** Records for the exercise **
------------
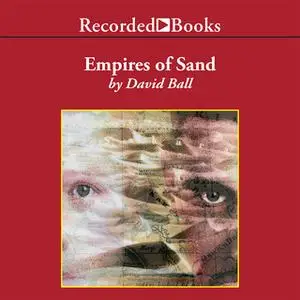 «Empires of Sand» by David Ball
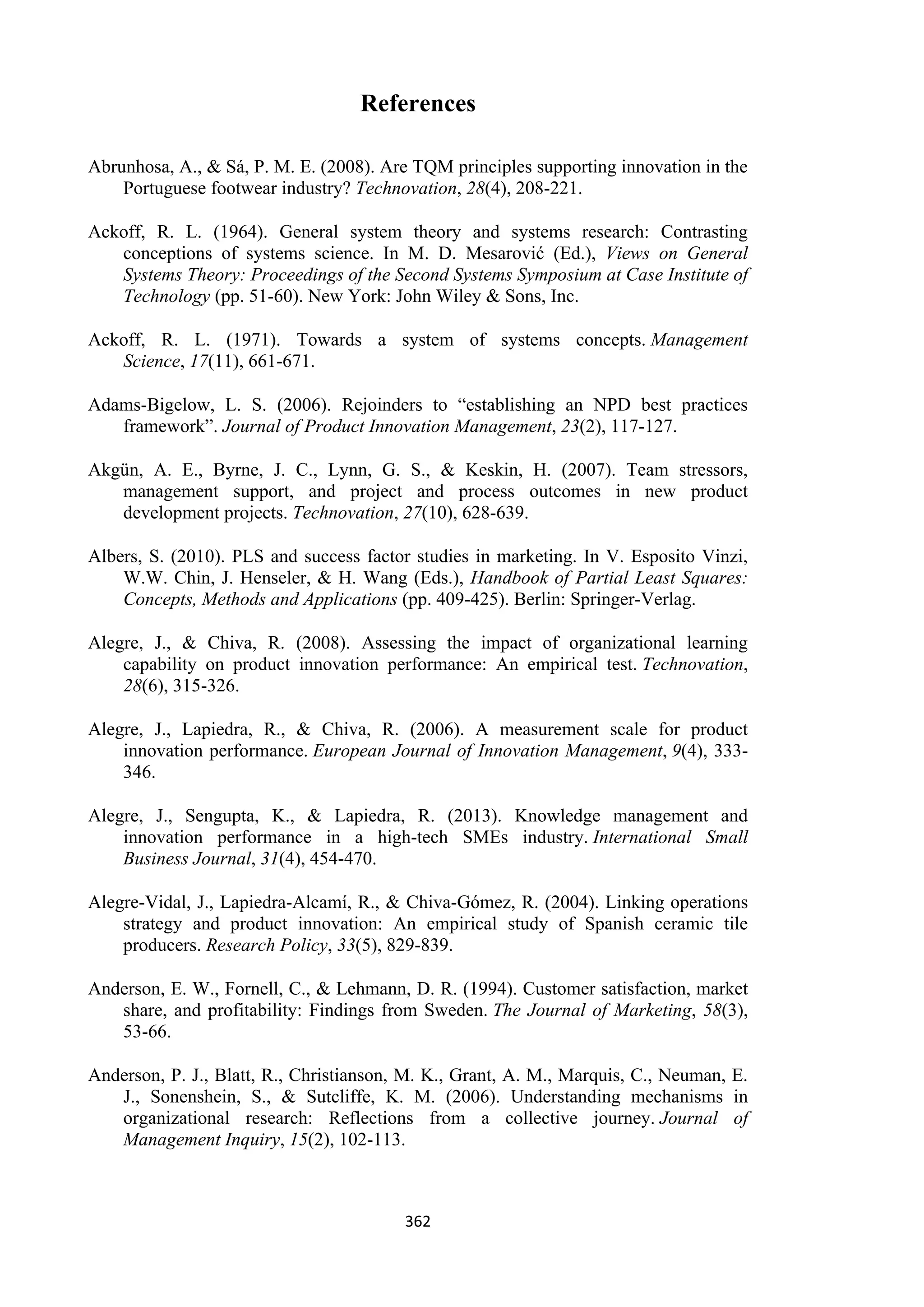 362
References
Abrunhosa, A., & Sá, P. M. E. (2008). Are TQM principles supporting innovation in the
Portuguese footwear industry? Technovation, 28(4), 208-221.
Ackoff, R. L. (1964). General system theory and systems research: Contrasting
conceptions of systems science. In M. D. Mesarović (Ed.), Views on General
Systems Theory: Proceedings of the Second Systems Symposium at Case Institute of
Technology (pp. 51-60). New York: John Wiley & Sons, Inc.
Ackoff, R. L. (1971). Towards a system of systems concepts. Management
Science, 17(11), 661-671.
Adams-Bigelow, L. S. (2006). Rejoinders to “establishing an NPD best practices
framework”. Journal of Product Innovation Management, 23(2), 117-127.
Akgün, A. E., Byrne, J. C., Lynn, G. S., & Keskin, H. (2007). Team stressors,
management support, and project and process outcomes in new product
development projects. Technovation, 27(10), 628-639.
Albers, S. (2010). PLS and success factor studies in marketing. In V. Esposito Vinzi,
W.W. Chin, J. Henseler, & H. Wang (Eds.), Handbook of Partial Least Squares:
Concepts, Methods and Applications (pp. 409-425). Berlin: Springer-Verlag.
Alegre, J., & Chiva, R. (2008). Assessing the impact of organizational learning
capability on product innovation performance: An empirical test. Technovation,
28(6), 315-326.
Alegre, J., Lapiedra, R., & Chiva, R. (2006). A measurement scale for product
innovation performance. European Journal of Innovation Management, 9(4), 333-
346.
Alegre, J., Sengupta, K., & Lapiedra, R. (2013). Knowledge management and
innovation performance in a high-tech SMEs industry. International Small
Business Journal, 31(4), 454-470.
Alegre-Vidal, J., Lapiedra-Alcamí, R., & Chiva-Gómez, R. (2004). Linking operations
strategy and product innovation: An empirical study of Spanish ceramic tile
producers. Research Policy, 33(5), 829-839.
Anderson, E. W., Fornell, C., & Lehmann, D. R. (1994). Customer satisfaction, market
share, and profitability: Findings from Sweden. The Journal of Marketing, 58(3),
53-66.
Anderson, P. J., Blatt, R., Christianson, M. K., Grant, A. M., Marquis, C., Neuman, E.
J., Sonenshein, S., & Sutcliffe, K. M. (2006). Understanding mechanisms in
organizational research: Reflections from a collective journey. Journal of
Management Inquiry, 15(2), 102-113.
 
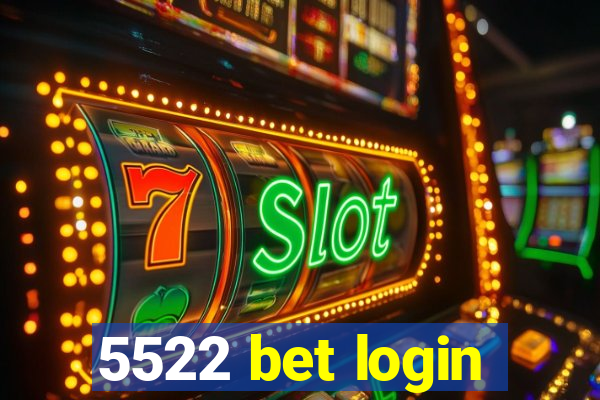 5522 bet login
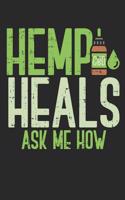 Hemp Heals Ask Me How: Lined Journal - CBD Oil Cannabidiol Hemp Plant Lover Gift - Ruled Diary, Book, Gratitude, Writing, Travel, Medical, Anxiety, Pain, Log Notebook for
------------
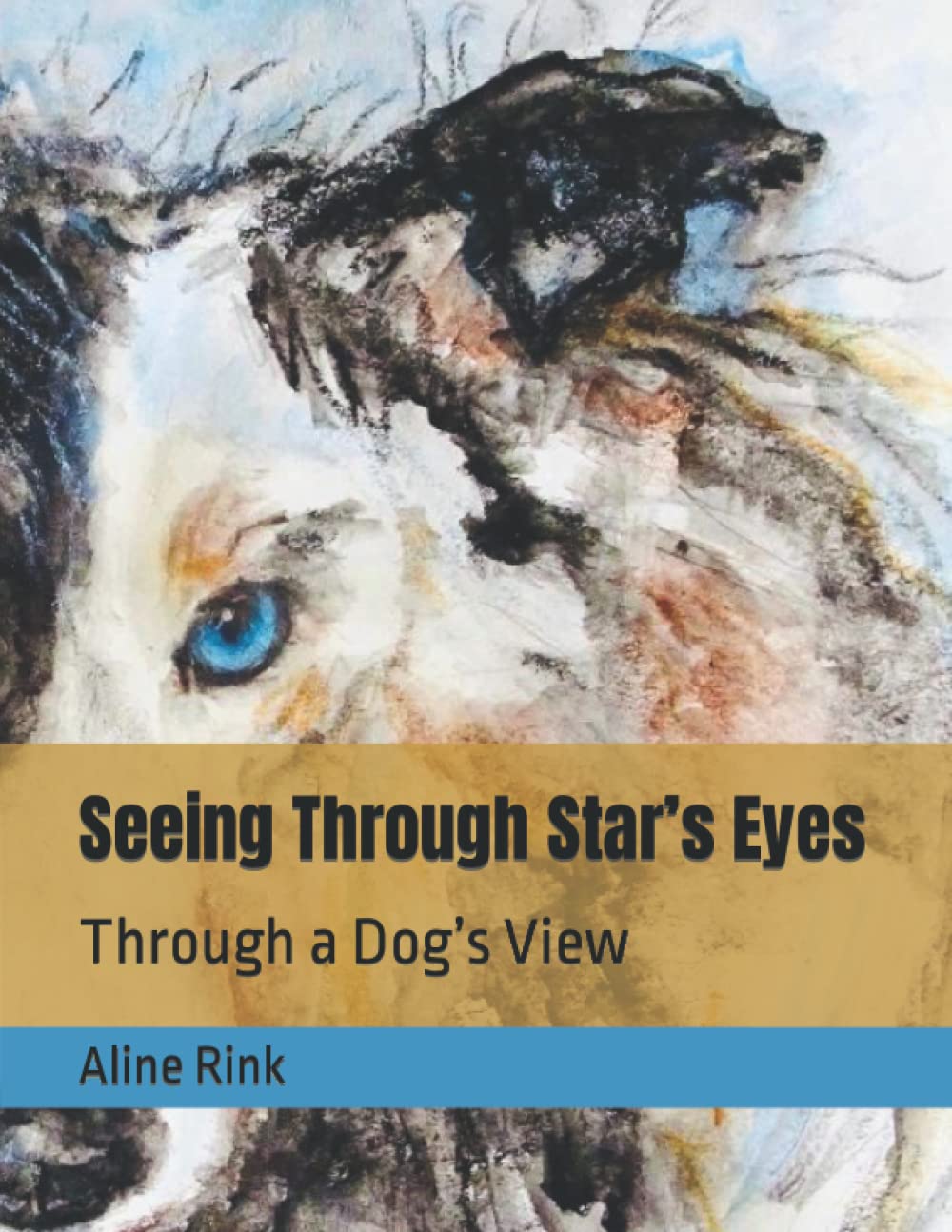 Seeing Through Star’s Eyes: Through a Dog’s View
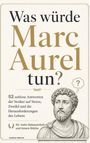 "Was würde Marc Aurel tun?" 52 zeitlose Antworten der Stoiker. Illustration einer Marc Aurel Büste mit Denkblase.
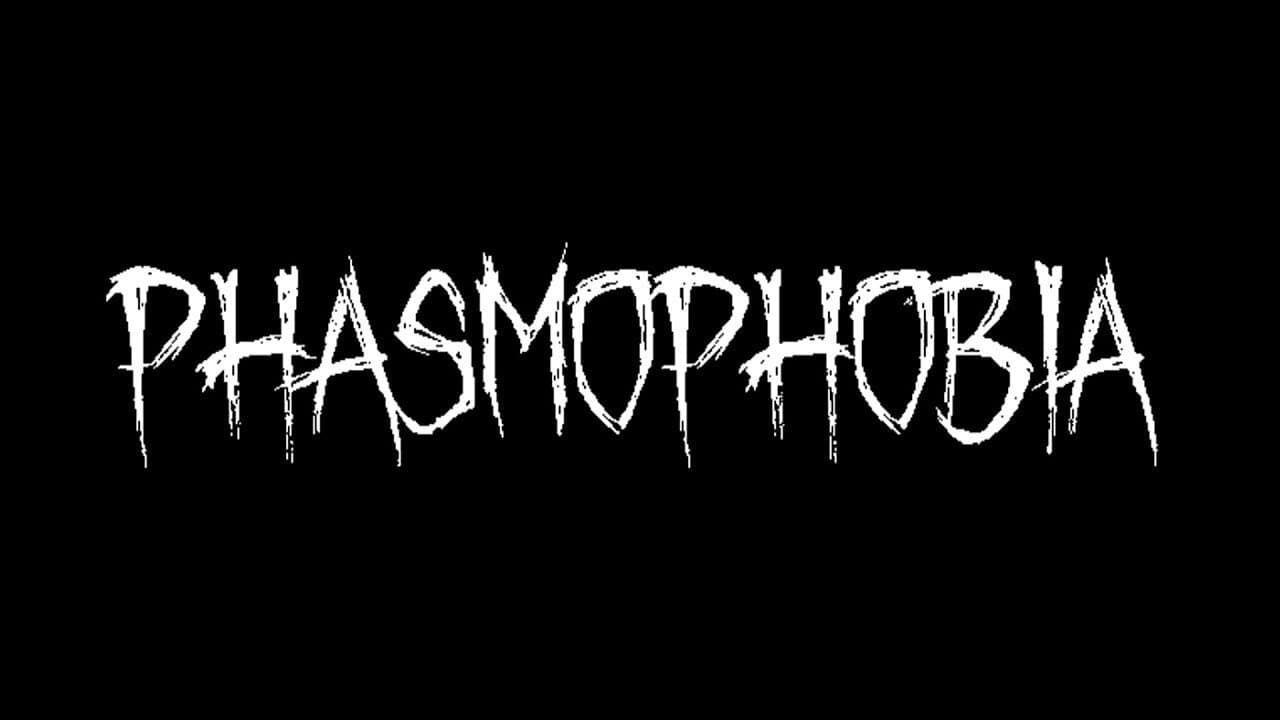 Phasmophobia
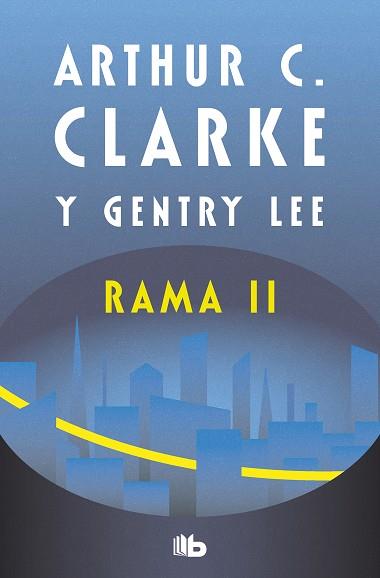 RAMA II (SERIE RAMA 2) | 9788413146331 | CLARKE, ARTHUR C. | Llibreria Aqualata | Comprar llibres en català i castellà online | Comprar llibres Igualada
------------
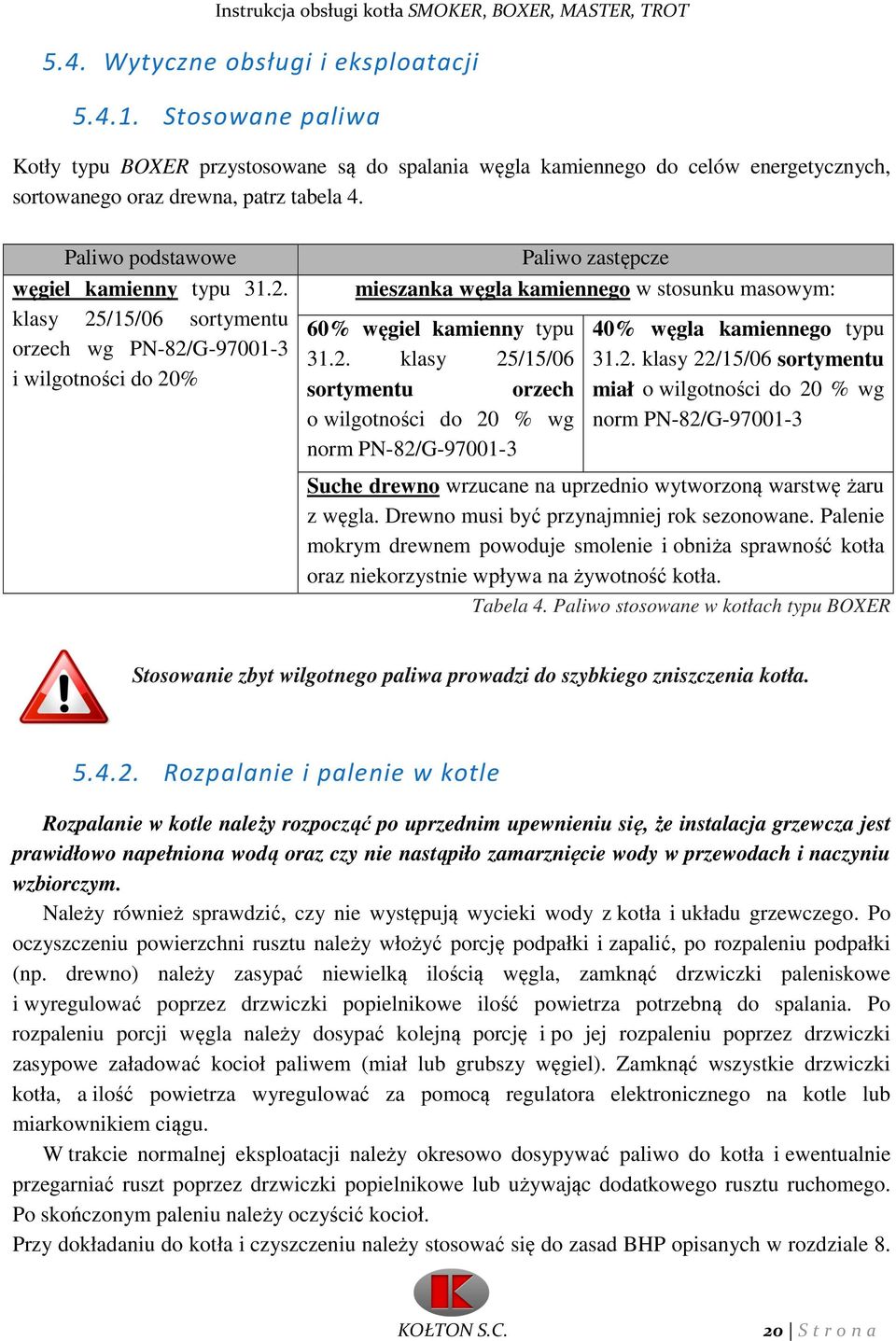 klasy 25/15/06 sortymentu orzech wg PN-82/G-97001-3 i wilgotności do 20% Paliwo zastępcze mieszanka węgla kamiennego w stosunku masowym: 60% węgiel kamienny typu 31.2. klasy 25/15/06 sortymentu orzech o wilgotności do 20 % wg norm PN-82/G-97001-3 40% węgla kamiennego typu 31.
------------
In the records above, find the line containing "capability on product" and the line containing "Hemp Heals Ask", then give both of them again word for word along with every line between. Omit any pictures.

capability on product innovation performance: An empirical test. Technovation,
28(6), 315-326.
Alegre, J., Lapiedra, R., & Chiva, R. (2006). A measurement scale for product
innovation performance. European Journal of Innovation Management, 9(4), 333-
346.
Alegre, J., Sengupta, K., & Lapiedra, R. (2013). Knowledge management and
innovation performance in a high-tech SMEs industry. International Small
Business Journal, 31(4), 454-470.
Alegre-Vidal, J., Lapiedra-Alcamí, R., & Chiva-Gómez, R. (2004). Linking operations
strategy and product innovation: An empirical study of Spanish ceramic tile
producers. Research Policy, 33(5), 829-839.
Anderson, E. W., Fornell, C., & Lehmann, D. R. (1994). Customer satisfaction, market
share, and profitability: Findings from Sweden. The Journal of Marketing, 58(3),
53-66.
Anderson, P. J., Blatt, R., Christianson, M. K., Grant, A. M., Marquis, C., Neuman, E.
J., Sonenshein, S., & Sutcliffe, K. M. (2006). Understanding mechanisms in
organizational research: Reflections from a collective journey. Journal of
Management Inquiry, 15(2), 102-113.
 
 5522 bet login
 Hemp Heals Ask Me How: Lined Journal - CBD Oil Cannabidiol Hemp Plant Lover Gift - Ruled Diary, Book, Gratitude, Writing, Travel, Medical, Anxiety, Pain, Log Notebook for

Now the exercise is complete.